Exercise aim
Give the entries below again exactly. Their pictures are not needed.

Listed entries Block Start

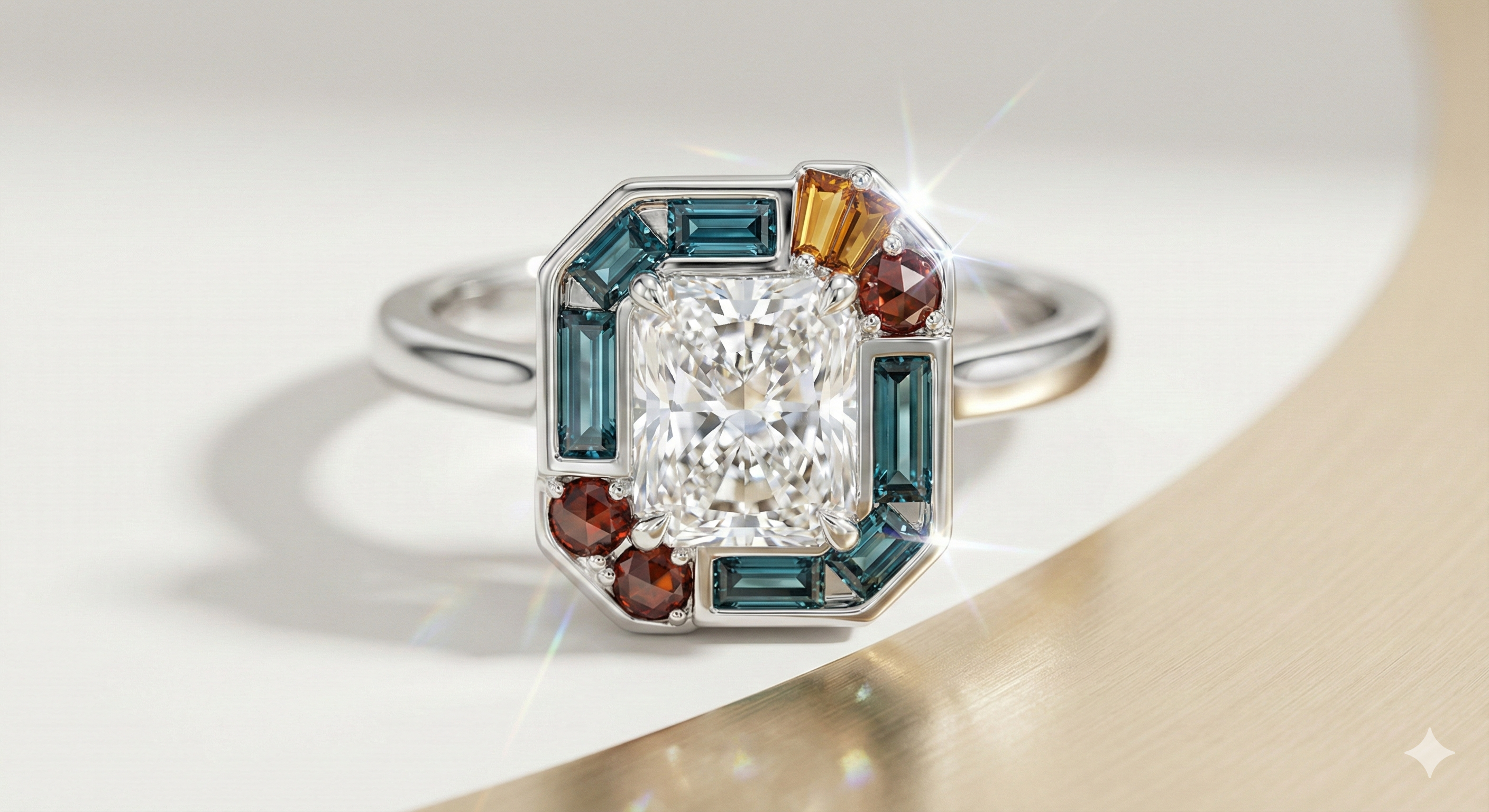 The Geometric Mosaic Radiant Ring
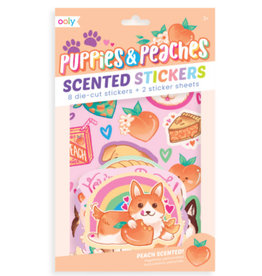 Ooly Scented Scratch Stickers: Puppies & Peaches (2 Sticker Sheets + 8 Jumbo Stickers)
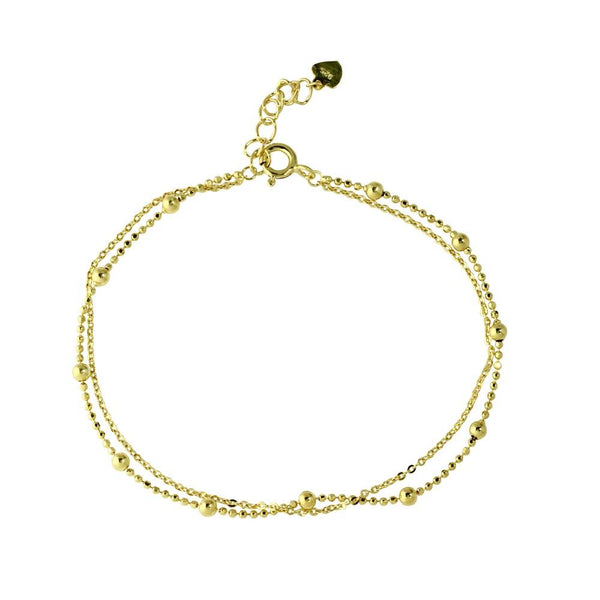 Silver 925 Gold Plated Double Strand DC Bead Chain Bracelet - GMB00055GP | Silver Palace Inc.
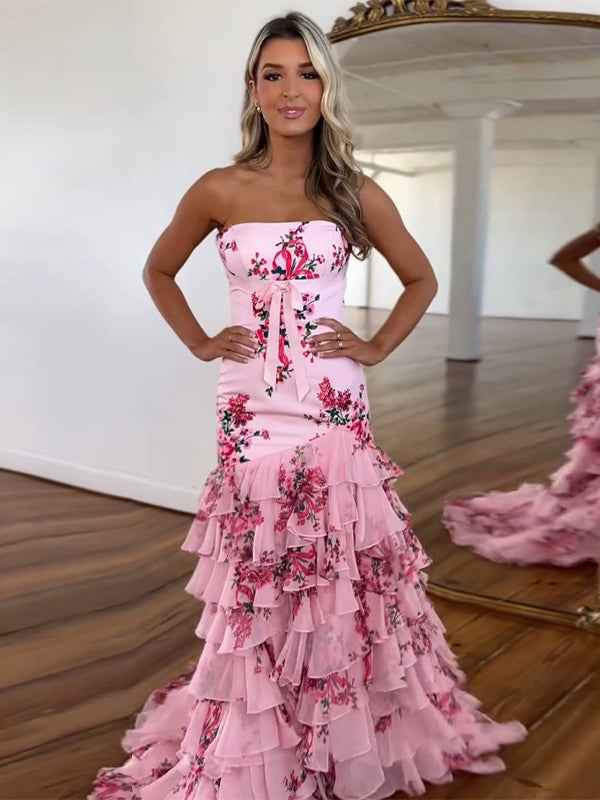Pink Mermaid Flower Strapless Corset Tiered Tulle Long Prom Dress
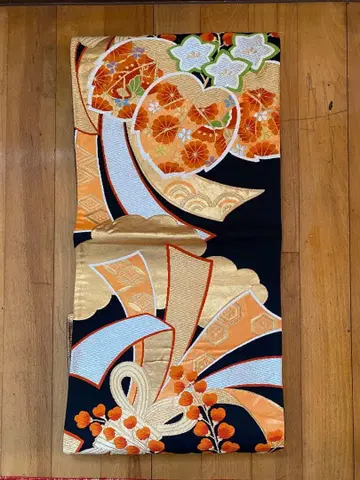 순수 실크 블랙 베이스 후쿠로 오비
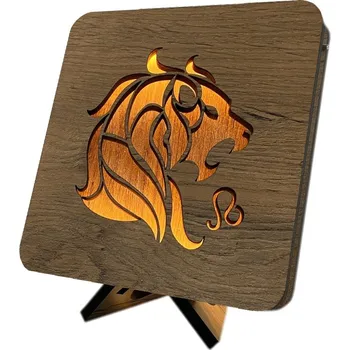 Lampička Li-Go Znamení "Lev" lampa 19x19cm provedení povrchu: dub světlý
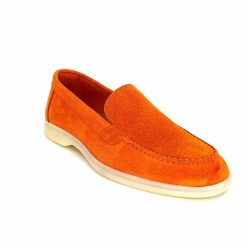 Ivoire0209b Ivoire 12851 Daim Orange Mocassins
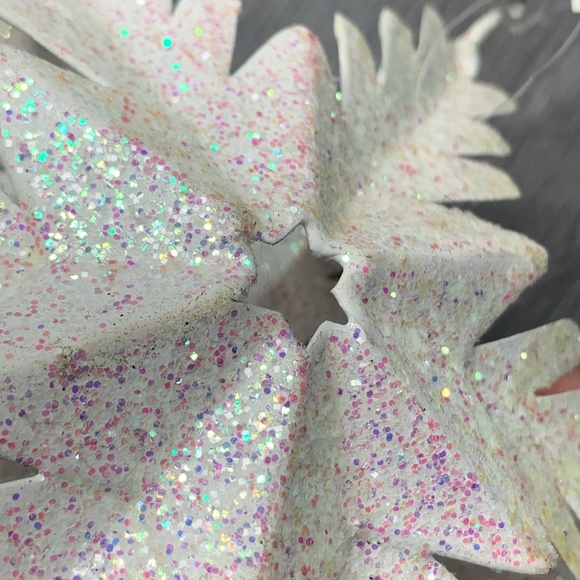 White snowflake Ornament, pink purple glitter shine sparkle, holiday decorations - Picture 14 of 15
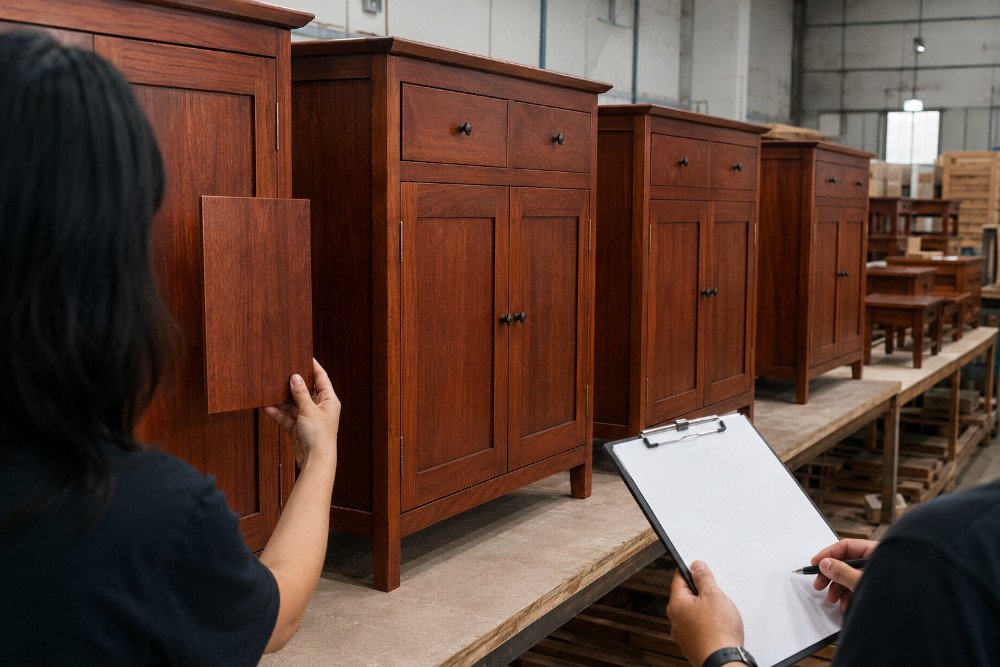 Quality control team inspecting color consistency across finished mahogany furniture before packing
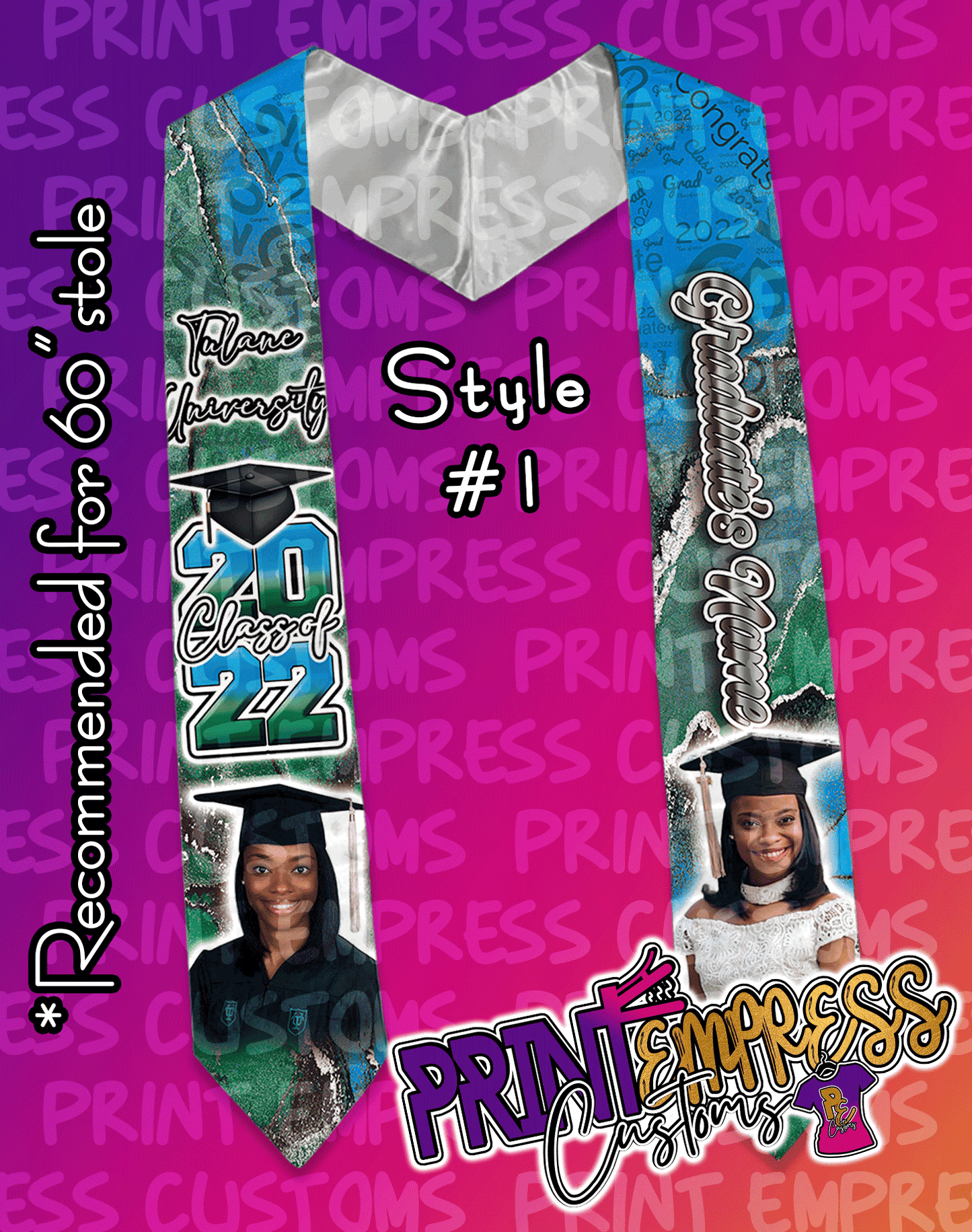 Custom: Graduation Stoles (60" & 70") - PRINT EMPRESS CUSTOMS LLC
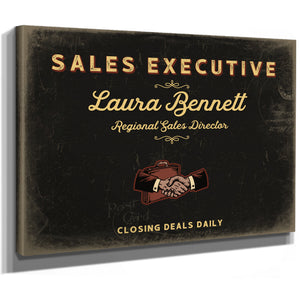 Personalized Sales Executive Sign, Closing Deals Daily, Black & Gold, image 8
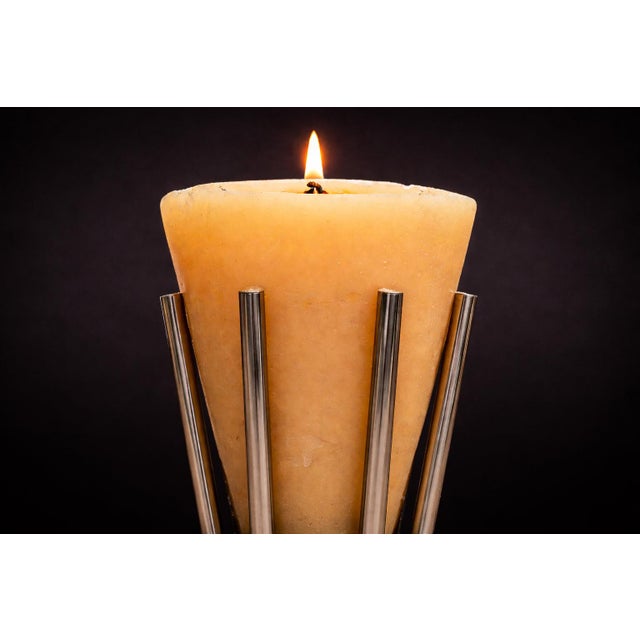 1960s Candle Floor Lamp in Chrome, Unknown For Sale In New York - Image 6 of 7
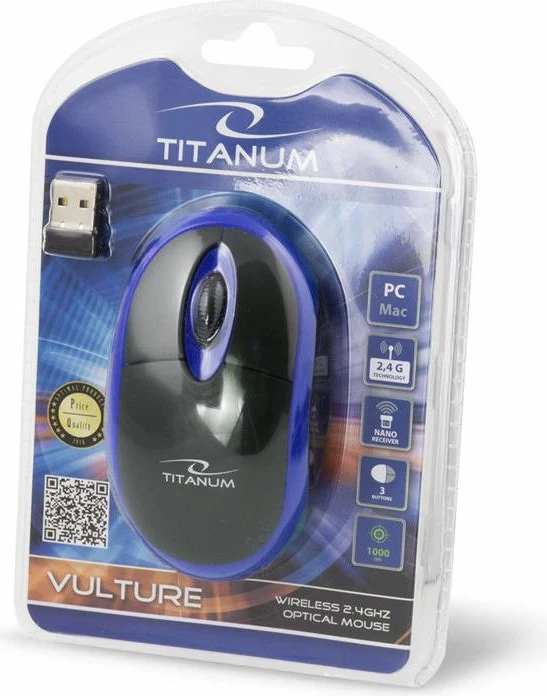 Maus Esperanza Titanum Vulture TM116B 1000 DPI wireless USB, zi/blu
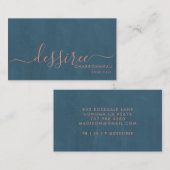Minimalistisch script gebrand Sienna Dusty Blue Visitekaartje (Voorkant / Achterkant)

Listed entries Block End

Response box
 The Geometric Mosaic Radiant Ring
 Ooly Scented Scratch Stickers: Puppies & Peaches (2 Sticker Sheets + 8 Jumbo Stickers)
 Silver 925 Gold Plated Double Strand DC Bead Chain Bracelet - GMB00055GP | Silver Palace Inc.
Pink Mermaid Flower Strapless Corset Tiered Tulle Long Prom Dress
 순수 실크 블랙 베이스 후쿠로 오비
 Lampička Li-Go Znamení "Lev" lampa 19x19cm provedení povrchu: dub světlý
 Ivoire0209b Ivoire 12851 Daim Orange Mocassins
 White snowflake Ornament, pink purple glitter shine sparkle, holiday decorations - Picture 14 of 15
 Quality control team inspecting color consistency across finished mahogany furniture before packing
 Custom: Graduation Stoles (60" & 70") - PRINT EMPRESS CUSTOMS LLC
 Personalized Sales Executive Sign, Closing Deals Daily, Black & Gold, image 8
 1960s Candle Floor Lamp in Chrome, Unknown For Sale In New York - Image 6 of 7
 Maus Esperanza Titanum Vulture TM116B 1000 DPI wireless USB, zi/blu
Minimalistisch script gebrand Sienna Dusty Blue Visitekaartje (Voorkant / Achterkant)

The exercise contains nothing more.